About this task:
Give the data again in full, without pictures.

Short descriptive text snippets:
::::::::

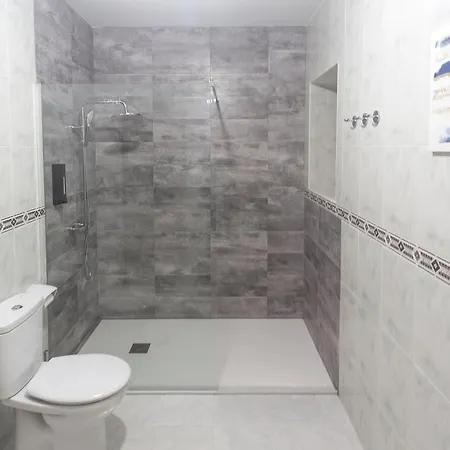 Casa Picota ゲストハウス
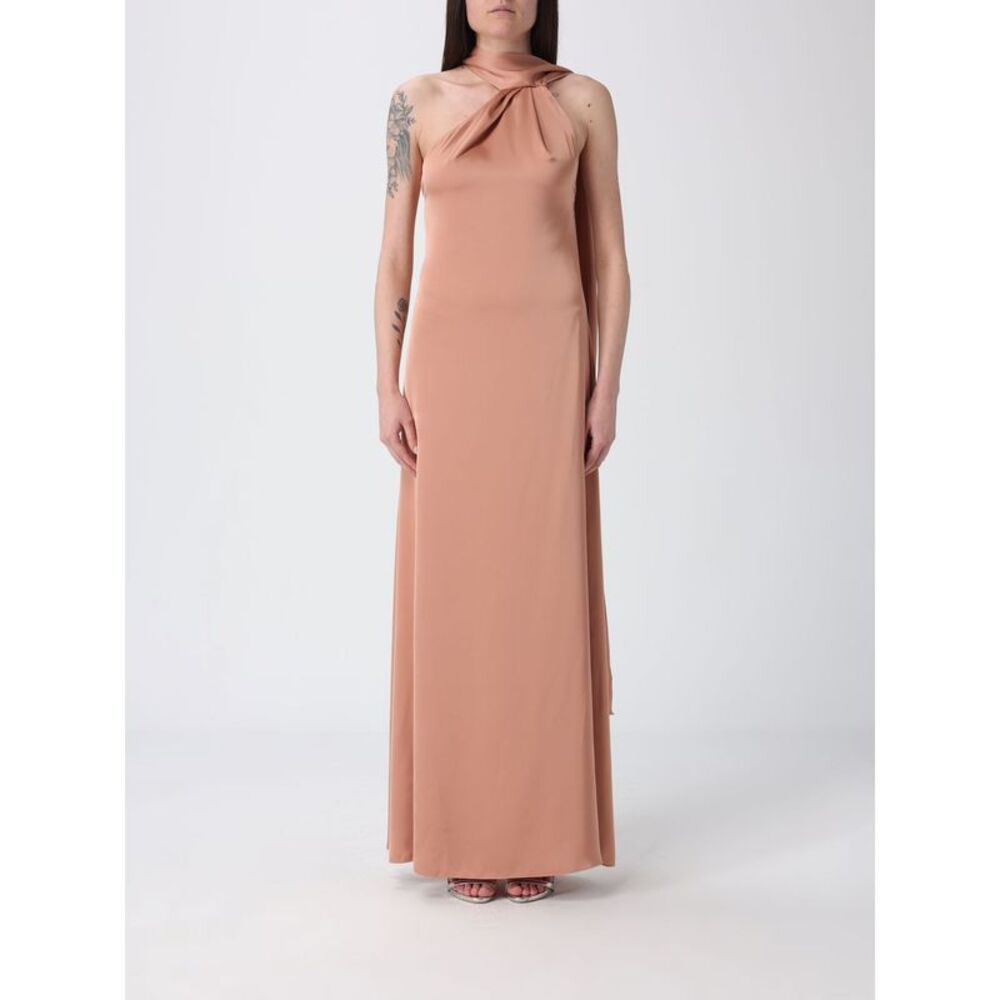 H Couture Dress Woman Hazel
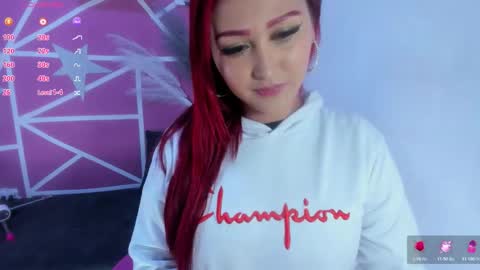 lucy_beatifull online show from 03.03.26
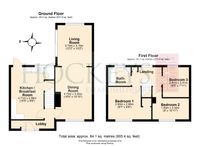 Floorplan Photo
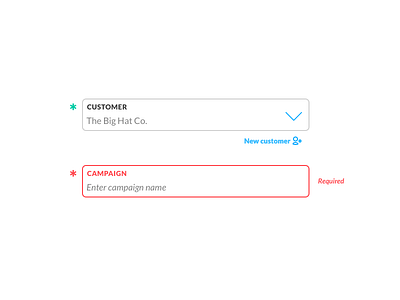 Form Inputs form inputs minimal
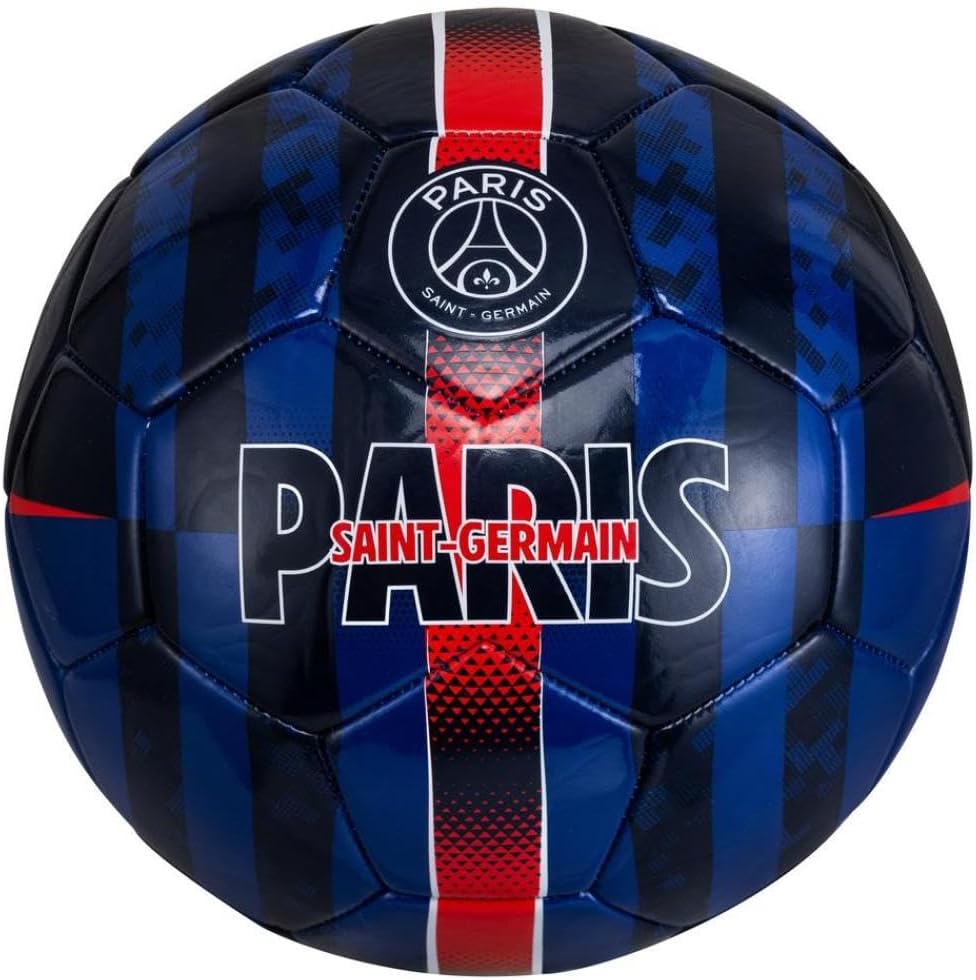 Paris Saint Germain Fotboll 5
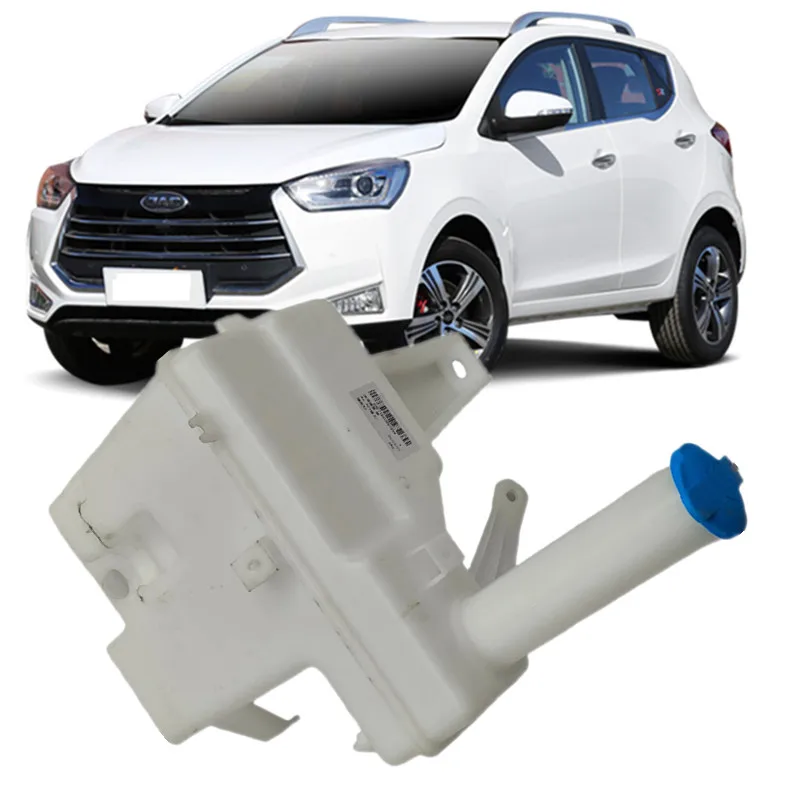 

Front Windshield Wiper Spray Bottle For JAC S2 T40 Front Wiper Tank Water Tank Without Motor 5207100U8910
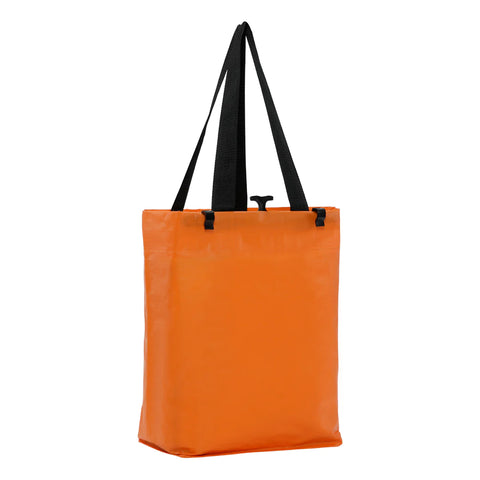 Fahrradtasche 'orange'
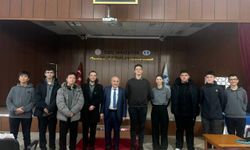 Eskişehir'de "Yunusa Yolculuk Projesi" ilgi gördü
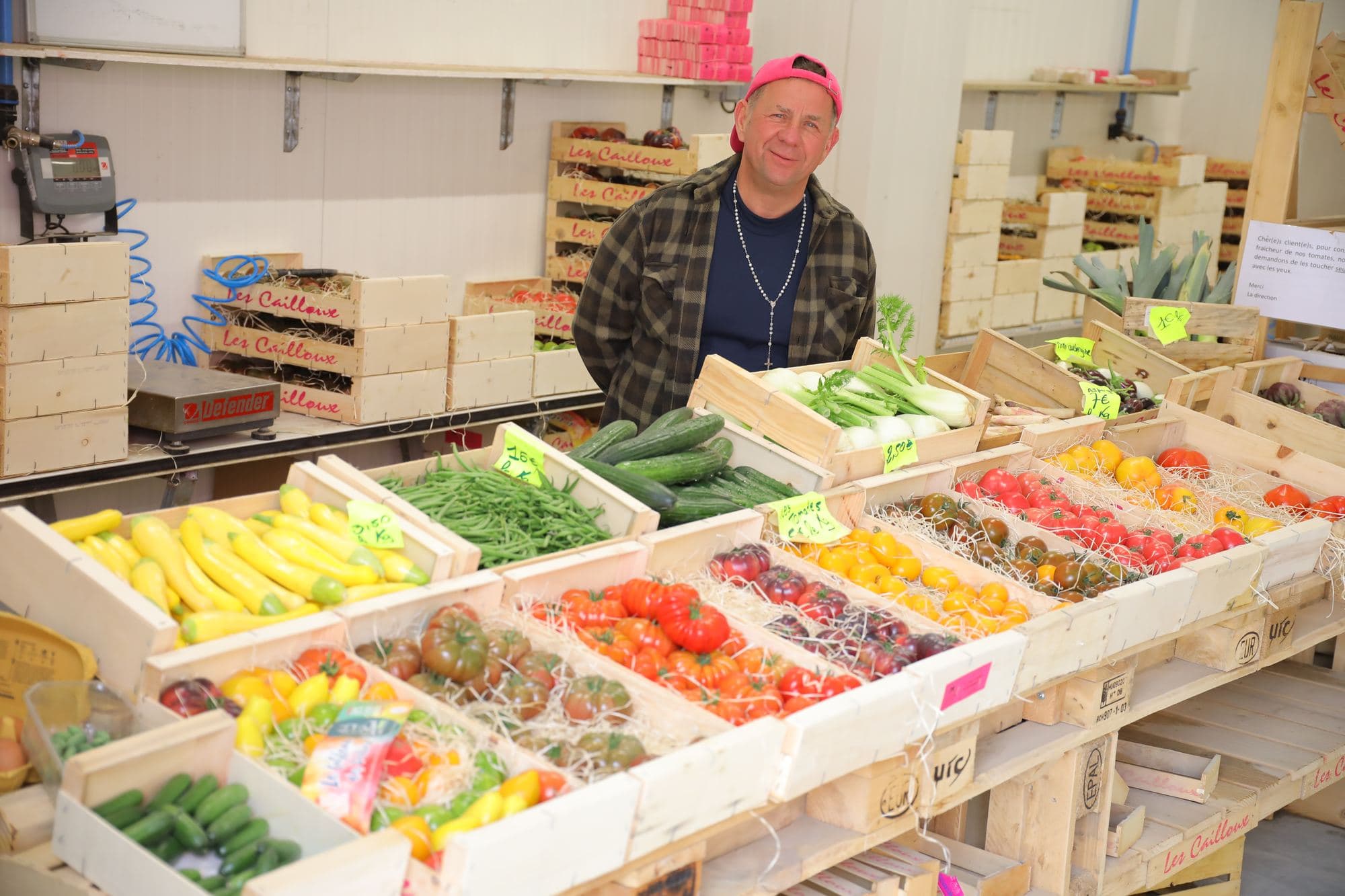 Les Cailloux en Provence, photo 9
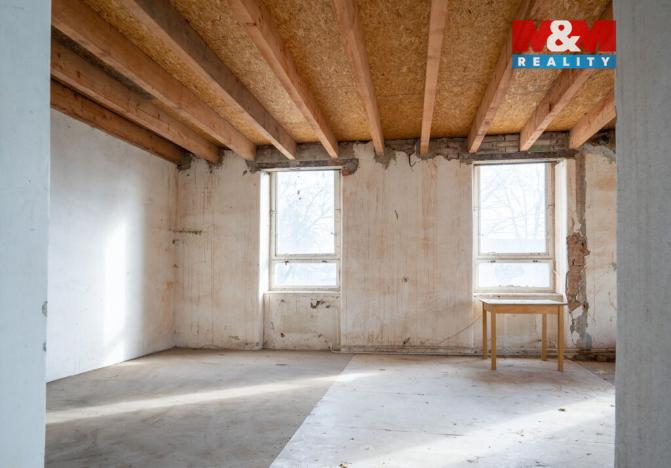 Prodej činžovního domu, Petřvald - Petřvald 2-Petřvaldík, 609 m2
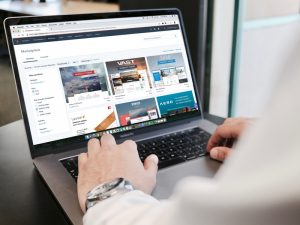 Hal Aneh yang Sering Dilakukan Orang di Marketplace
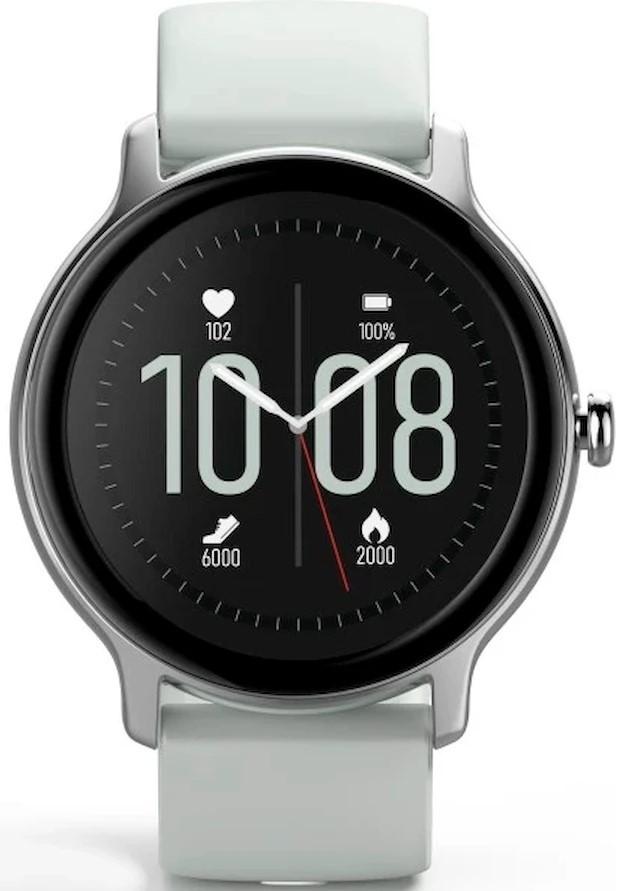 Умные часы Hama 4910 Gray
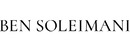 Ben Soleimani brand logo for reviews of online shopping for Fashion products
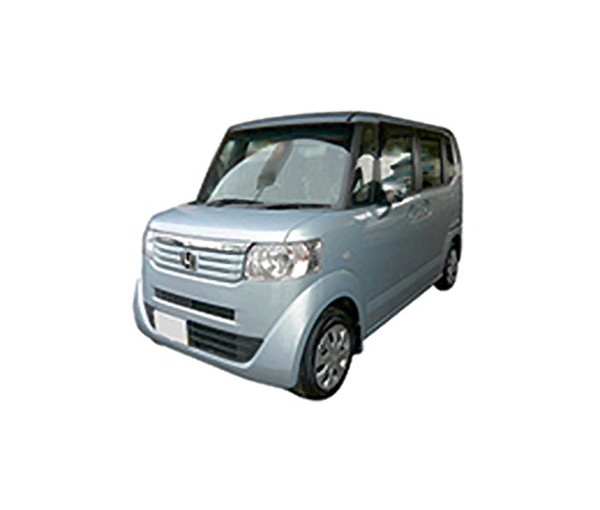 N BOX+(ホンダ)｜中古車・新型・価格・燃費情報なら【楽天Car】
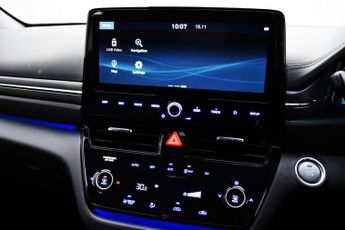 Hyundai IONIQ 38.3kWh Premium Hatchback 5dr Electric Auto (136 ps)
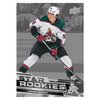 2023-24 Upper Deck Star Rookie Box Set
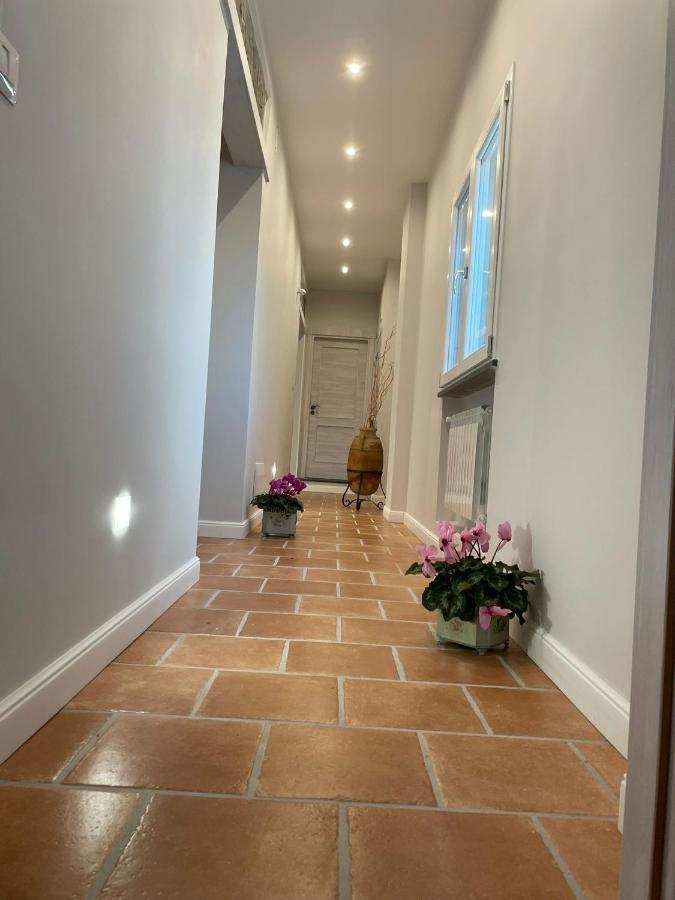 B & B La Casa Dei Sogni 卡萨普拉 外观 照片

::::::::

Solution for this exercise:
 Casa Picota ゲストハウス
 H Couture Dress Woman Hazel
 lucy_beatifull online show from 03.03.26
 Floorplan Photo
 Form Inputs form inputs minimal
 Paris Saint Germain Fotboll 5

Front Windshield Wiper Spray Bottle For JAC S2 T40 Front Wiper Tank Water Tank Without Motor 5207100U8910
 Fahrradtasche 'orange'
 Eskişehir'de "Yunusa Yolculuk Projesi" ilgi gördü
 Les Cailloux en Provence, photo 9
 Prodej činžovního domu, Petřvald - Petřvald 2-Petřvaldík, 609 m2
 Hal Aneh yang Sering Dilakukan Orang di Marketplace
 Умные часы Hama 4910 Gray
 Ben Soleimani brand logo for reviews of online shopping for Fashion products
 N BOX+(ホンダ)｜中古車・新型・価格・燃費情報なら【楽天Car】
 Hyundai IONIQ 38.3kWh Premium Hatchback 5dr Electric Auto (136 ps)
 2023-24 Upper Deck Star Rookie Box Set
 B & B La Casa Dei Sogni 卡萨普拉 外观 照片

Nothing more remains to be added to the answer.